地 名 五色ヶ原 ごしきがはら
  場 所 高山市丹生川町日面1147(ツアーセンター)  指定等
   概 要
   乗鞍岳(標高3,026m)の北西山麓において乗鞍火山を構成する噴出物が標高1,300~1,600mの台地をつくって高原状に広がっている地域である。その中に溶岩流などの噴出物に関わって形成されている布引の滝・青垂(あおだれ)滝・御越(みこし)滝といった瀑布や、火山噴出物の境界部やその基盤にある美濃帯堆積岩類との境界部にあたる位置に分布する雄池・雌池・澄池などの湖沼が数多くみられ、高原一帯にほとんど手つかずの状態で豊かな自然が残されている。認定ガイド同行での2コースに限っての入山許可や入山者の人数制限など、生態系維持や自然保護をかなり意識したシステムで運用されている景勝地である。
 
五色ヶ原内にある布引の滝
(撮影:清水辰弥)
 
  ジオ点描
   1回の噴火活動だけで形成された火山体を“単成火山”といい、休止期をはさんで噴火活動が繰り返されて形成された火山体を“複成火山”という。
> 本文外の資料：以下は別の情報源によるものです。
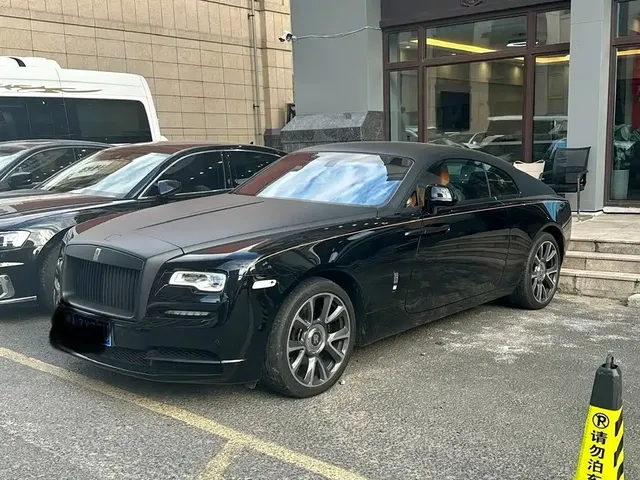 Rolls-Royce Wraith 2018 6.6T Standard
ほとんどの火山体は複成火山であり、頂上に火口をもつ円錐形といった単純な形態の火山体であっても単成火山ということはほとんどない。それだけ火山体は複雑な形成過程を経て作られ、さまざまな顔つきをもつ地質体であることを意味している。
 
  文 献 中野 俊・大塚 勉・足立 守・原山 智・吉岡敏和(1995)乗鞍岳地域の地質.地域地質研究報告(5万分の1地質図幅),地質調査所,139頁.
乗鞍火山
飛騨山脈に沿ってほぼ南北方向に配列する乗鞍火山列あるいは乗鞍火山帯と呼ばれる火山群の一つで、複数の火山体が集まって復元総噴出量約26km³の複合火山を形成している。活動時期から大きく約128万~86万年前に活動した古期乗鞍火山と約32万年前以降に活動した新期乗鞍火山に分けられており、前者には千町火山が、後者には烏帽子火山、高天ヶ原・権現池火山、四ツ岳火山、恵比寿火山がそれぞれ該当している。これらのうち権現池火山だけが最新の活動をしている。全体に火砕流堆積物や降下火砕堆積物などの火砕物が少なく、安山岩質ないしデイサイト質の厚い溶岩流が主体を占めることで特徴付けられ、基盤岩類の分布高度が標高2400mまで確認され、噴出物の厚さは600~700mほどしかない。
美濃帯堆積岩類
美濃帯は、飛騨外縁帯の南側にあってかなり幅広く分布する地質帯で、岐阜県内でも広範囲にわたる地域を占める。そこは、古生代石炭紀から中生代白亜紀最前期にかけての時期にチャート・石灰岩・砂岩・泥岩・礫岩などの海底に堆積した堆積岩類と海底に噴出した緑色岩(玄武岩質火山岩類)でおもに構成されている。下図に示すように、海洋プレートの上に噴出した玄武岩質火山岩類は海底や火山島(海山)を形成して、その上にチャートや石灰岩・珪質泥岩などを徐々に堆積させながら大陸へ向かって年間数cmほどの速さで移動していく。海洋プレートは海溝部で大陸の下へ沈み込んでいくが、堆積物はいっしょに沈み込むことができず、はぎ取られたり、大陸側から運び込まれた砂岩・泥岩などとともに大陸側へ押し付けられ、混じり合って複合体(コンプレックス)を作りあげていく。こうした作用を付加作用といい、それにより形成された堆積物は付加体堆積物と呼ばれ、これまでそれらを総称して「美濃帯中・古生層」、「美濃帯中生層」、「美濃帯堆積岩コンプレックス」などといろいろな表現で呼ばれてきたが、ここではこれらを「美濃帯堆積岩類」と呼ぶ。それらは、それまで順に重なっていた地層が付加作用にともなって低角の断層を境にして屋根瓦のように繰り返して覆うように重なったり、複雑に混じりあったメランジュと呼ばれる地質体を構成し、整然とした地層として順番に連続して重なるようなことがほとんどない。そのため全域にわたり個々の地層名を付して表現することがむずかしいため、ここでは構成岩石の種類(岩相)によって表現する。これらの構成岩石は単独でも複数の組合せでもある程度の大きさを持つ地質体を形成しており、その大きさはcmオーダーの礫からkmオーダーの岩体までさまざまである。これらは岩相、形成時期、形成過程などの類似性から複数の地質ユニットに区分され、ユニット間は衝上断層で接することが多いが、その区分による表現はここでは用いない。